* [MATERIAL TO PROCESS]
··········

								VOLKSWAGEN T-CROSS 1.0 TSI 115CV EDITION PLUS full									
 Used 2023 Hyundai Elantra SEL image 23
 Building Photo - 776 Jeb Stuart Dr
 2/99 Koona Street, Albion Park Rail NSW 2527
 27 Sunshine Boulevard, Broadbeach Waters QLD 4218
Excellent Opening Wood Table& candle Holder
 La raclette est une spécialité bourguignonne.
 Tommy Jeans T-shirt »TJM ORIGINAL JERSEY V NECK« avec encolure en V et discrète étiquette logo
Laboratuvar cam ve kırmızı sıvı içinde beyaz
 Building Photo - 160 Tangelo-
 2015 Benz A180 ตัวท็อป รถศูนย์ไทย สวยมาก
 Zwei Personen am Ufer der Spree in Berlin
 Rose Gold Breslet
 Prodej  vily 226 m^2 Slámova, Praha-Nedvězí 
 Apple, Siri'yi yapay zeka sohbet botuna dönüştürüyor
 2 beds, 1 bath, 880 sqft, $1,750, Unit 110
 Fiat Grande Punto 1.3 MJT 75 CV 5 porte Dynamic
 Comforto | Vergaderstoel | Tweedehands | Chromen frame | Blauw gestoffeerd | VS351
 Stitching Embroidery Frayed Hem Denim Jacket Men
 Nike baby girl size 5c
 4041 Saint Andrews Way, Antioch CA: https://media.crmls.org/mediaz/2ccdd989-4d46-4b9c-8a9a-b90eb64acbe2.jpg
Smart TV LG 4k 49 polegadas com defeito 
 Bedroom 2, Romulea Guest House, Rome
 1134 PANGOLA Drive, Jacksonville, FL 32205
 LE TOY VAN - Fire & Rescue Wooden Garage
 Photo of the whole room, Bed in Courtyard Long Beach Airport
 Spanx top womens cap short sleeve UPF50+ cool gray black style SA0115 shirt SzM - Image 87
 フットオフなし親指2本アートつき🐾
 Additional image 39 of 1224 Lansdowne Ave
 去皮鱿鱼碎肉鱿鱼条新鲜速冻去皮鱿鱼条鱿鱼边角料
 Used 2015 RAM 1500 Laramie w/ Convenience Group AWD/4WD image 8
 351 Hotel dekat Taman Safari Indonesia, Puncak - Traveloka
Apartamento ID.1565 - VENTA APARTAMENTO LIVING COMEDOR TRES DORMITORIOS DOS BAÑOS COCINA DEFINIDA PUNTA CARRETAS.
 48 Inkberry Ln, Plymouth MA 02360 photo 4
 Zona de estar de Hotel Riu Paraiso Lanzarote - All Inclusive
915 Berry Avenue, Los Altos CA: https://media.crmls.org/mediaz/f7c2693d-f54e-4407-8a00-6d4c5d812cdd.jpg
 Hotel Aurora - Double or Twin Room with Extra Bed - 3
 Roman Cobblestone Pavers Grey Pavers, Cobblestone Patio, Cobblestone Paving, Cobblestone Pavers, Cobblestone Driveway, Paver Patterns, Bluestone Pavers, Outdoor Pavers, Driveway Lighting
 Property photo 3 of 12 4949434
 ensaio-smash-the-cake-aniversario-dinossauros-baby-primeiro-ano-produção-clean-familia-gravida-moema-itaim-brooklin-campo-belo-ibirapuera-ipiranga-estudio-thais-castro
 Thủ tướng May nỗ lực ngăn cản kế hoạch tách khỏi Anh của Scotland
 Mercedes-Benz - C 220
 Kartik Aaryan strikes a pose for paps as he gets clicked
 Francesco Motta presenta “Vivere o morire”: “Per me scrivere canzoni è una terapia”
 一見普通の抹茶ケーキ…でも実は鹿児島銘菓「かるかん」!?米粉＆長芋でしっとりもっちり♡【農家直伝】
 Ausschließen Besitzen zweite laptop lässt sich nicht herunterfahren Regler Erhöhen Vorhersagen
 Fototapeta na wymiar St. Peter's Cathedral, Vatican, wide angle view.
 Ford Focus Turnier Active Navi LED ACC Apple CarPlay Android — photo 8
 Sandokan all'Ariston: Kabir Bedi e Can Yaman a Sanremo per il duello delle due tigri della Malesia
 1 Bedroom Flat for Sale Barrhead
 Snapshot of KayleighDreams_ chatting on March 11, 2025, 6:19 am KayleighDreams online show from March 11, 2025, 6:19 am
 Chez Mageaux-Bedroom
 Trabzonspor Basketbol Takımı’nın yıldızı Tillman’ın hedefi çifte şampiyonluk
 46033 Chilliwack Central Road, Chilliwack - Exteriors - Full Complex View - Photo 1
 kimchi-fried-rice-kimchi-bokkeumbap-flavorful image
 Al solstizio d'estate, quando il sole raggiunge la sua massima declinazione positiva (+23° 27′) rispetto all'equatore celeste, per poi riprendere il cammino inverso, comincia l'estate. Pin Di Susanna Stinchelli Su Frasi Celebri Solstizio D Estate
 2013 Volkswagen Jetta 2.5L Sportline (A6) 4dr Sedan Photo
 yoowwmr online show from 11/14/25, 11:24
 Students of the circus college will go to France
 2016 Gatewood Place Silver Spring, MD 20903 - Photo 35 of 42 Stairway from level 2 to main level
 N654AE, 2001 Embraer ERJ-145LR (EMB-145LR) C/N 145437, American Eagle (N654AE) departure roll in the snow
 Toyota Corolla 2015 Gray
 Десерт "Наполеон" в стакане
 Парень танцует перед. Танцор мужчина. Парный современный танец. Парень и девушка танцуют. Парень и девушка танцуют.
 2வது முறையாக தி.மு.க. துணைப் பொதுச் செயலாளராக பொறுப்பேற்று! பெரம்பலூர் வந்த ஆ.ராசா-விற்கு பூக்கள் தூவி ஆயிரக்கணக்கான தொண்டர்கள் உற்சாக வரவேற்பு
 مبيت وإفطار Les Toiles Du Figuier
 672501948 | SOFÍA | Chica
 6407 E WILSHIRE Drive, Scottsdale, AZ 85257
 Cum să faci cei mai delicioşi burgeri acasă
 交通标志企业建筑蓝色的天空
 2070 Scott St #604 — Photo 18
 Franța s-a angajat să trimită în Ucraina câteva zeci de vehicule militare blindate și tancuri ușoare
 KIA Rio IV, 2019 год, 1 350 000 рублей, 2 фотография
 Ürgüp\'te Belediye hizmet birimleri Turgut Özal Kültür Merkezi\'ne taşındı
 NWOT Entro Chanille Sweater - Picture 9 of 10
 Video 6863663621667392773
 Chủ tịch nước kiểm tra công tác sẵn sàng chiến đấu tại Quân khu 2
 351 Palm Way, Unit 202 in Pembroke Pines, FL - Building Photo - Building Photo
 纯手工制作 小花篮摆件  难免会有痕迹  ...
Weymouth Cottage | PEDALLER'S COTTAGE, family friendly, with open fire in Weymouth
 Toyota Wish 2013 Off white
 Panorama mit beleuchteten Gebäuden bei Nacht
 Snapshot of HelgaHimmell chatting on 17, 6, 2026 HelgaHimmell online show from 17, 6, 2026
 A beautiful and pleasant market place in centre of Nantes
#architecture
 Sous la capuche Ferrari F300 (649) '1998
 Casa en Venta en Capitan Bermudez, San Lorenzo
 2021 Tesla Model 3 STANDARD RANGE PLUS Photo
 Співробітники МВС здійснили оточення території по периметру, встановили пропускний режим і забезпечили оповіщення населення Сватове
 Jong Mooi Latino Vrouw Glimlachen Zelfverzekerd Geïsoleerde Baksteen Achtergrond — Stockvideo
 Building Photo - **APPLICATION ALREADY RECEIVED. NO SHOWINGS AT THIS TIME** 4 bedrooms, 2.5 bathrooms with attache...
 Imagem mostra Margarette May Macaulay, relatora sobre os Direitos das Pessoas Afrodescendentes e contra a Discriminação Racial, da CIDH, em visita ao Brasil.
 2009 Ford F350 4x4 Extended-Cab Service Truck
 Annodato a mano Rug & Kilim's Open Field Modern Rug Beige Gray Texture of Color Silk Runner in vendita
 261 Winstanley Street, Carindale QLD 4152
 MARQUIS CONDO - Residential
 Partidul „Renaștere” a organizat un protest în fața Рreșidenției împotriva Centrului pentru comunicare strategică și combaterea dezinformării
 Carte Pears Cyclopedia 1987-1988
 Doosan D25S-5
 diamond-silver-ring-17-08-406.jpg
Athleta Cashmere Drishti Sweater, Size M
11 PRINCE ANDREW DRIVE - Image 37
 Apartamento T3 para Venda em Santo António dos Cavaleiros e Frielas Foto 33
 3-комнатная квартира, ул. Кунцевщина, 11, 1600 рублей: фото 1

··········

* [TASK TO COMPLETE]
Look through the data above for lines holding the word "media". State how many there are and nothing else.

* [TASK SOLUTION]
2